Fauria's ability to move his feet laterally is a skill that is ideal in an offensive system that relies on spreading the ball out laterally.
"There is a tremendous roll over from both sports," Fauria said.
This season, Fauria has found himself under the tutelage of offensive coordinator Noel Mazzone and his spread system. But Fauria is not a system player, rather a complimentary piece in any system he is put in. Mazzone is his fourth offensive coordinator, and Fauria was able to thrive even in a tumultuous 2011 season, catching 39 passes for 481 yards, good enough for second on the team and broke Marcedes Lewis' school record for a tight end.
He began his collegiate career at Notre Dame, in a system that looked as though it might be a perfect fit.
"You know, it's funny because the position I played that first year at Notre Dame was probably the prototypical offensive that I should be in," Fauria said.
But Fauria was soon on his way back to the West Coast. Eventually it became clear that former head coach Rick Neueheisel's job wasn't so secure, and Fauria was once again left to figure out his role in a new system.
"I've showed my versatility being in a pistol offense, mainly an F-Back kind of guy, and now I'm having a bigger receiver role, "Fauria said. "Going to Notre Dame and coming back here taught me a lot. It showed that not everything happens like you want to coming out of high school."
Having already learned that lesson once, now with the impending end of his college career near, Fauria has enlisted the services of his uncle Christian. A former tight end at Colorado who played 13 years in the NFL, his uncle will be helping to guide him through the world of post-collegiate football.
The Fauria family is a tight one. Fauria lives with his older sister Natalie Lizzarag, who works for CBS' "The Insider." It's not uncommon for Fauria's family to occupy about 30 seats in the Rose Bowl for game days. Mother, brothers, sister, cousins, aunts, and of course, those football playing uncles all included.
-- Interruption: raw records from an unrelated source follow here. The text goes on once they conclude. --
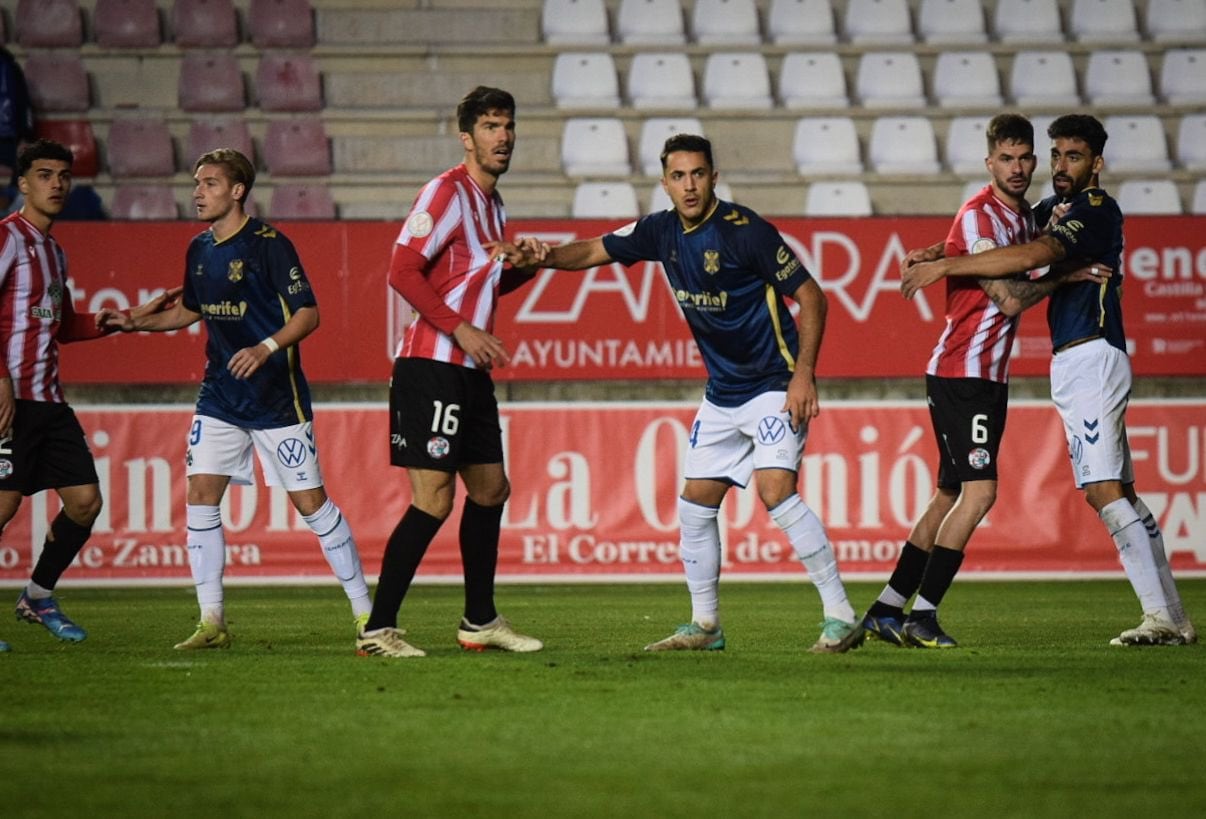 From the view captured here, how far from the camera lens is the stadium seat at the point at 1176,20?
1639cm

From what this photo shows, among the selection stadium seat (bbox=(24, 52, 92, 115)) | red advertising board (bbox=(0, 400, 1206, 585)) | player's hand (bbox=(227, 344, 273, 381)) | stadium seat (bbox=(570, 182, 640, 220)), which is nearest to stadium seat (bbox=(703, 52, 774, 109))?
stadium seat (bbox=(570, 182, 640, 220))

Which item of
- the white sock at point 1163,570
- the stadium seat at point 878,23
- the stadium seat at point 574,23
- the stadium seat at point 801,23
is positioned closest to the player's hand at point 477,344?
the white sock at point 1163,570

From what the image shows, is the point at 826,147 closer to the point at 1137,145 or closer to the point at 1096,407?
the point at 1137,145

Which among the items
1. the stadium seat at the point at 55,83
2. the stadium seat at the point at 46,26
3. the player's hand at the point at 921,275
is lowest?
the player's hand at the point at 921,275

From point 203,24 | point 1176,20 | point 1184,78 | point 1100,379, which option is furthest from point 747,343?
point 1176,20

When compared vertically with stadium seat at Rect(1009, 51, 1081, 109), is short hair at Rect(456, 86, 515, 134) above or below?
below

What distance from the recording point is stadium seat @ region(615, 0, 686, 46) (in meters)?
16.2

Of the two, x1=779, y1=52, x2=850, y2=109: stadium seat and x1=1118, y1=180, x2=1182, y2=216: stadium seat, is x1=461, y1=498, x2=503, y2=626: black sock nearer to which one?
x1=779, y1=52, x2=850, y2=109: stadium seat

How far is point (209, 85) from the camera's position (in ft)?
50.9

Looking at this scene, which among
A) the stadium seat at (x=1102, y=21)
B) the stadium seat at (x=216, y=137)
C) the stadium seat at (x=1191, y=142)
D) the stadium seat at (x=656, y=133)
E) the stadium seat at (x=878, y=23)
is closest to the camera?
the stadium seat at (x=216, y=137)

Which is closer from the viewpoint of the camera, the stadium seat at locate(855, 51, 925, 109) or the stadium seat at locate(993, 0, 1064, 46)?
the stadium seat at locate(855, 51, 925, 109)

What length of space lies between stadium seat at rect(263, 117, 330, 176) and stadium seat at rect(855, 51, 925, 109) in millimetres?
4950

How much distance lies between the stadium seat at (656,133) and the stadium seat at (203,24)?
155 inches

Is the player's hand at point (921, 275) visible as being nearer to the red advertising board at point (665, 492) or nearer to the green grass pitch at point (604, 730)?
the green grass pitch at point (604, 730) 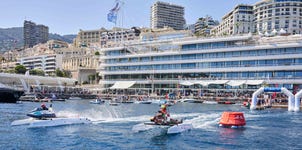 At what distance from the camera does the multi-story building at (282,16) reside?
176750 mm

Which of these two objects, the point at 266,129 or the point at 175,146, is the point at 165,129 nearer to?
the point at 175,146

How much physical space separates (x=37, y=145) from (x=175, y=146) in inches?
439

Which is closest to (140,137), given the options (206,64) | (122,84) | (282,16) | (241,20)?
(206,64)

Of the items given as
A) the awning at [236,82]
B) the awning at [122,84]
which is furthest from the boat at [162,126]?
the awning at [122,84]

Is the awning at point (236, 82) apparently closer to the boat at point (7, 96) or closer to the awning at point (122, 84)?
the awning at point (122, 84)

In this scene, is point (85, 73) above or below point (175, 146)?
above

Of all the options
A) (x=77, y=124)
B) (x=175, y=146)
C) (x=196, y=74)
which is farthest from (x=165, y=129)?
(x=196, y=74)

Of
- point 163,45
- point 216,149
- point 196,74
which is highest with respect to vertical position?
point 163,45

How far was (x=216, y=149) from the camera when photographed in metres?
28.5

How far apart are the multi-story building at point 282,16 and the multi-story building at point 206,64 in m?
75.4

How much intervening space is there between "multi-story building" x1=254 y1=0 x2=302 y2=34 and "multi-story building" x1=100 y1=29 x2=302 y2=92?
75.4 m

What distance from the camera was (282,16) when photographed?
582ft

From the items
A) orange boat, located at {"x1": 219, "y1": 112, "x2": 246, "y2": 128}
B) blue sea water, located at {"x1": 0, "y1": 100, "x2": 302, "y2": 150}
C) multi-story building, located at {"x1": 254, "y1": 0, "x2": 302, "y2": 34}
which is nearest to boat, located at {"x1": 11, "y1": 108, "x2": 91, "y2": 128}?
blue sea water, located at {"x1": 0, "y1": 100, "x2": 302, "y2": 150}

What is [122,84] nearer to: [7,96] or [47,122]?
[7,96] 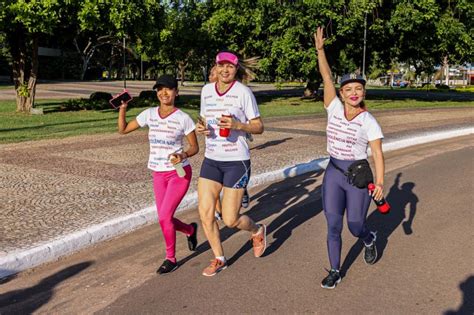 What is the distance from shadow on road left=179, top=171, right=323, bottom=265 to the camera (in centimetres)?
539

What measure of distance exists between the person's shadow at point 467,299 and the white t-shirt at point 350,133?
1.35m

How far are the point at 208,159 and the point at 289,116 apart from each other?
17032mm

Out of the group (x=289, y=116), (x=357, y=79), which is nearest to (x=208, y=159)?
(x=357, y=79)

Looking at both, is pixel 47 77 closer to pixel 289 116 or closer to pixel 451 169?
pixel 289 116

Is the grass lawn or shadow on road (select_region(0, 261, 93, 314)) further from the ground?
the grass lawn

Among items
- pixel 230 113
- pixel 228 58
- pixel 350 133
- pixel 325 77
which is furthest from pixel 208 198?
pixel 325 77

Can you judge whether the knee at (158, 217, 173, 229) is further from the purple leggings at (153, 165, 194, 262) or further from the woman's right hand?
the woman's right hand

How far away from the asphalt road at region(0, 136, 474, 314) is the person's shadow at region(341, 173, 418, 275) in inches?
0.7

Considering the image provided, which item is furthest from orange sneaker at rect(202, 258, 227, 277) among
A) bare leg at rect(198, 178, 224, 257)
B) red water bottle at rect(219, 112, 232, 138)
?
red water bottle at rect(219, 112, 232, 138)

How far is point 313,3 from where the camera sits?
25703 millimetres

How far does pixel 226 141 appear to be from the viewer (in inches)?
171

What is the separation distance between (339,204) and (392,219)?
97.6 inches

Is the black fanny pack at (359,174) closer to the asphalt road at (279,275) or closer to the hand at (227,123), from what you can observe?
the asphalt road at (279,275)

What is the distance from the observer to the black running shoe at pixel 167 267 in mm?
4566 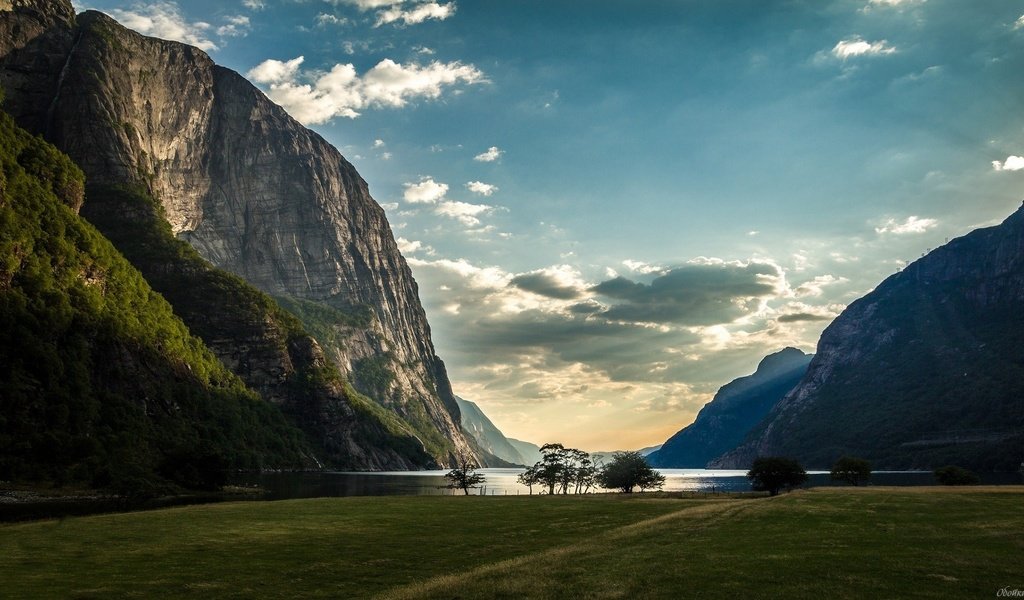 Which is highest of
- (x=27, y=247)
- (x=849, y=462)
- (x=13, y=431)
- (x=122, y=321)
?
(x=27, y=247)

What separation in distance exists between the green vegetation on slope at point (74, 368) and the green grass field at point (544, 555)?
75.6 metres

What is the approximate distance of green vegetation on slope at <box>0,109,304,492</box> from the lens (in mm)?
125562

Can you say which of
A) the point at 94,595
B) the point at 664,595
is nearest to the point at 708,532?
the point at 664,595

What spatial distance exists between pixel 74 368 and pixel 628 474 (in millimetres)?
131171

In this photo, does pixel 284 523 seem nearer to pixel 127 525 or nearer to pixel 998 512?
pixel 127 525

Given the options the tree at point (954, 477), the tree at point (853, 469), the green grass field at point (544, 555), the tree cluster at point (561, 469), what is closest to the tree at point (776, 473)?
the tree at point (853, 469)

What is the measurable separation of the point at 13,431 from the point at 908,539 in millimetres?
147322

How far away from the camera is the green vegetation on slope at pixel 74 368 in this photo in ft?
412

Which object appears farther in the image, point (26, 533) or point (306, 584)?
point (26, 533)

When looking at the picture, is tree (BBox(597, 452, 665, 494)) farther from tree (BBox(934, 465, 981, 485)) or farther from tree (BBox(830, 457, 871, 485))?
tree (BBox(934, 465, 981, 485))

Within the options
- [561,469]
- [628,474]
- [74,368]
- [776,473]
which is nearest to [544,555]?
[776,473]

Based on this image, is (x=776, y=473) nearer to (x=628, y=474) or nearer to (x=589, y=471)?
(x=628, y=474)

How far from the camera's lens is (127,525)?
55594 mm

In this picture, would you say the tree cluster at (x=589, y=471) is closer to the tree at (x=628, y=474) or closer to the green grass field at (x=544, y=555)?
the tree at (x=628, y=474) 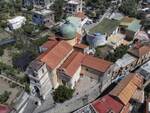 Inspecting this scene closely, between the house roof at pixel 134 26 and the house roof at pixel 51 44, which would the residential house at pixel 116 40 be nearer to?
the house roof at pixel 134 26

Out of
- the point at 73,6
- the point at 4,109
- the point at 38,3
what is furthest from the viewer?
the point at 38,3

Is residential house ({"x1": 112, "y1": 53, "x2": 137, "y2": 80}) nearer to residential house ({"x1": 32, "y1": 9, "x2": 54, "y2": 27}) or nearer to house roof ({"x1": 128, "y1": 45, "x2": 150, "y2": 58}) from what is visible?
house roof ({"x1": 128, "y1": 45, "x2": 150, "y2": 58})

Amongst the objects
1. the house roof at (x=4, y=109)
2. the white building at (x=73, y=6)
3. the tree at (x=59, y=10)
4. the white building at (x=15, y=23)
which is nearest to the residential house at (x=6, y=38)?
the white building at (x=15, y=23)

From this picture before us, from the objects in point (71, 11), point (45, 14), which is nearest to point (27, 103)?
point (45, 14)

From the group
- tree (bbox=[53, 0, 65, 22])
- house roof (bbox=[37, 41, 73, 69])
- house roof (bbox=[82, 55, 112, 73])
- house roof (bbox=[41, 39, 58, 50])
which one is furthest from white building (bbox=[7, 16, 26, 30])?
house roof (bbox=[82, 55, 112, 73])

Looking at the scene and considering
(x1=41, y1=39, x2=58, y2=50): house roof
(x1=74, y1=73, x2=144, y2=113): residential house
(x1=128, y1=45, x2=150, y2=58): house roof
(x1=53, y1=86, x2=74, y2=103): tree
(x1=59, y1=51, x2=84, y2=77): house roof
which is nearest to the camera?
(x1=74, y1=73, x2=144, y2=113): residential house

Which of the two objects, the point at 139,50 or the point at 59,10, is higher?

While the offense might have been a fit for him at Notre Dame all those years ago, the situation in Los Angeles fits him perfectly.
"We're a really close family. I love my uncles, I've looked up to them since I was a young kid," Fauria said. "It was a blessing in disguise for me to come back here."
But despite the admiration for those uncles, Fauria doesn't plan on heeding their advice when it comes to his vertical.
Is it a signature move, much like Gronkowski's partying and Gonzalez's dunk through the uprights? By this time next year, it just might be.
"Signature?" Fauria mused. "It's more of a reaction… But if I do it more, I can successfully do it."